* **Exercise description**:
When the line with "Hi my beauties, welcome" turns up below, begin repeating exactly, and carry on through the line with "Another key component"; no pictures go into the copy.
START Input for this task
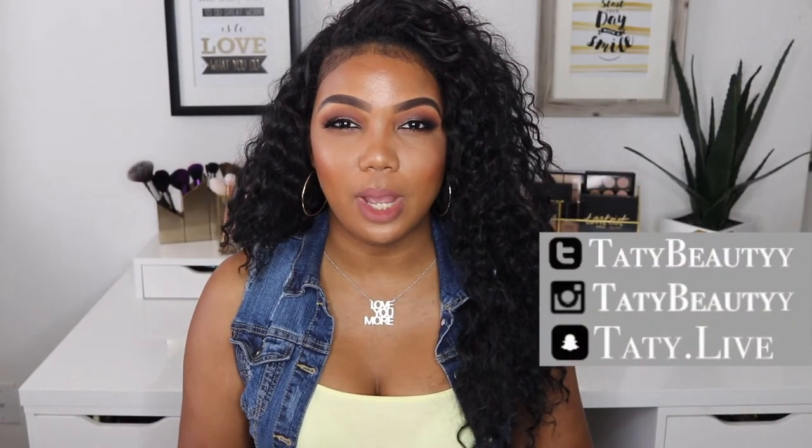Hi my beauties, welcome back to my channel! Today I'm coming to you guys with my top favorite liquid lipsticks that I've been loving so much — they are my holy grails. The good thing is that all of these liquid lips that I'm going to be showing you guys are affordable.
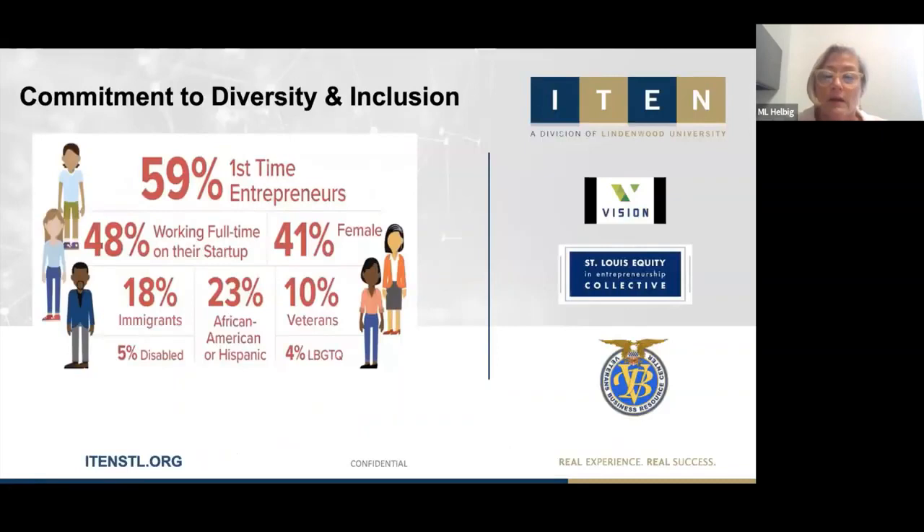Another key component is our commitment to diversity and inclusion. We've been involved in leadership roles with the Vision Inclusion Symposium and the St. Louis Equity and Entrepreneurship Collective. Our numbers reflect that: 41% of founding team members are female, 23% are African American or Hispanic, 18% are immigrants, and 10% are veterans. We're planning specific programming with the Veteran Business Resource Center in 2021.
END Input for this task
START Input for this task
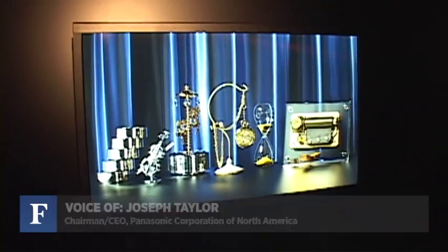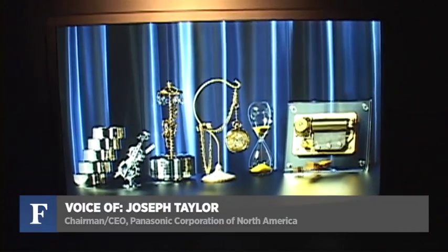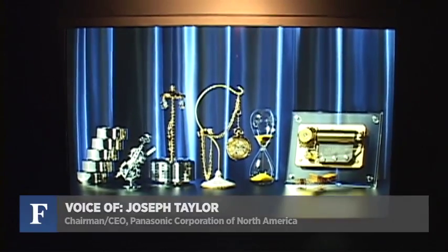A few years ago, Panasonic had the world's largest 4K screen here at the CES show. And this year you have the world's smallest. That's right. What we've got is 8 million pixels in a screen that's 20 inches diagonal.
END Input for this task
START Input for this task
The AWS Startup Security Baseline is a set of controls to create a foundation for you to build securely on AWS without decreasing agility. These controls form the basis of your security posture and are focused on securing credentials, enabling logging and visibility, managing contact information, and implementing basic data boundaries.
END Input for this task
* **Answer to this problem**:
Hi my beauties, welcome back to my channel! Today I'm coming to you guys with my top favorite liquid lipsticks that I've been loving so much — they are my holy grails. The good thing is that all of these liquid lips that I'm going to be showing you guys are affordable.
Another key component is our commitment to diversity and inclusion. We've been involved in leadership roles with the Vision Inclusion Symposium and the St. Louis Equity and Entrepreneurship Collective. Our numbers reflect that: 41% of founding team members are female, 23% are African American or Hispanic, 18% are immigrants, and 10% are veterans. We're planning specific programming with the Veteran Business Resource Center in 2021.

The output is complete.